Dataset records.
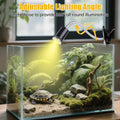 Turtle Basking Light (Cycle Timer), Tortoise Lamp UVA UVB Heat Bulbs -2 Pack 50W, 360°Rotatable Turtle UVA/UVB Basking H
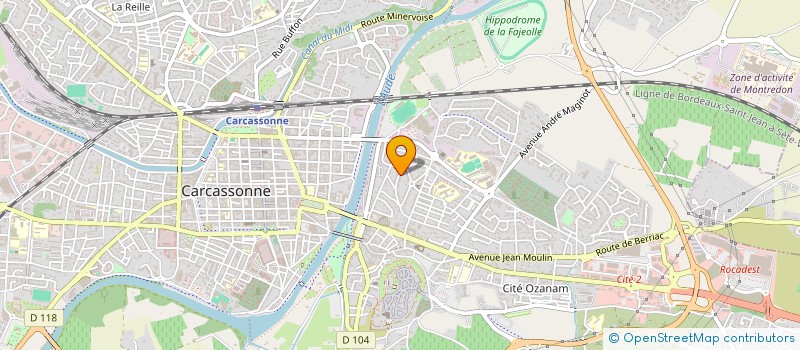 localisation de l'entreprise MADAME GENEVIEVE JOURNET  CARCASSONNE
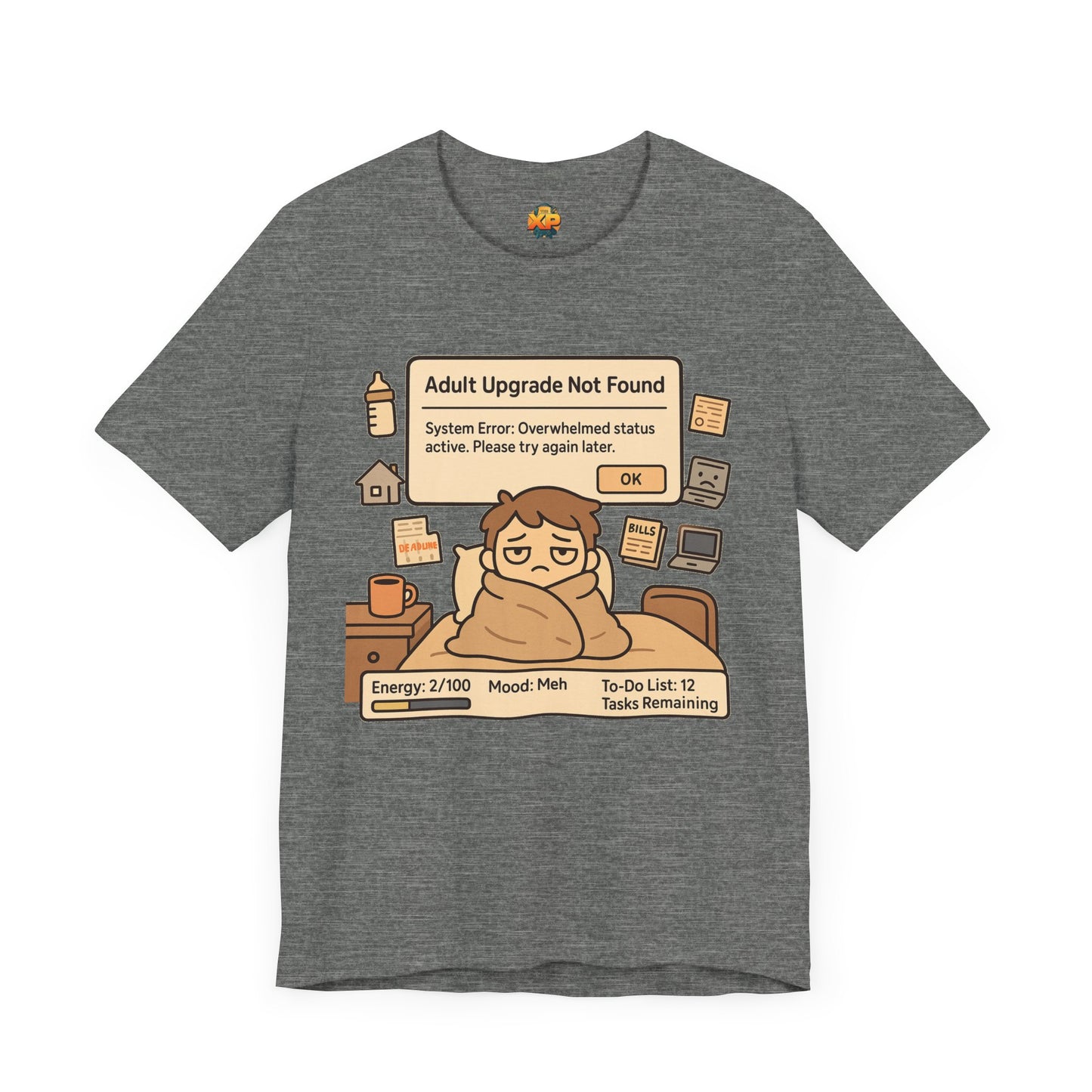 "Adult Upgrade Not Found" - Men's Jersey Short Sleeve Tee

--

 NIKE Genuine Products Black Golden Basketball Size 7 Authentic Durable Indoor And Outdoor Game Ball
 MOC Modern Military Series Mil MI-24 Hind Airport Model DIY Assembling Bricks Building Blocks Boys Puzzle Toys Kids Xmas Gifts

Brief. Would you give again, exactly, the lines in the data above that run from the line containing "Turtle Basking Light" to the line containing "Short Sleeve Tee"? Include both ends and no pictures.

Exercise answer.
 Turtle Basking Light (Cycle Timer), Tortoise Lamp UVA UVB Heat Bulbs -2 Pack 50W, 360°Rotatable Turtle UVA/UVB Basking H
 localisation de l'entreprise MADAME GENEVIEVE JOURNET  CARCASSONNE
 "Adult Upgrade Not Found" - Men's Jersey Short Sleeve Tee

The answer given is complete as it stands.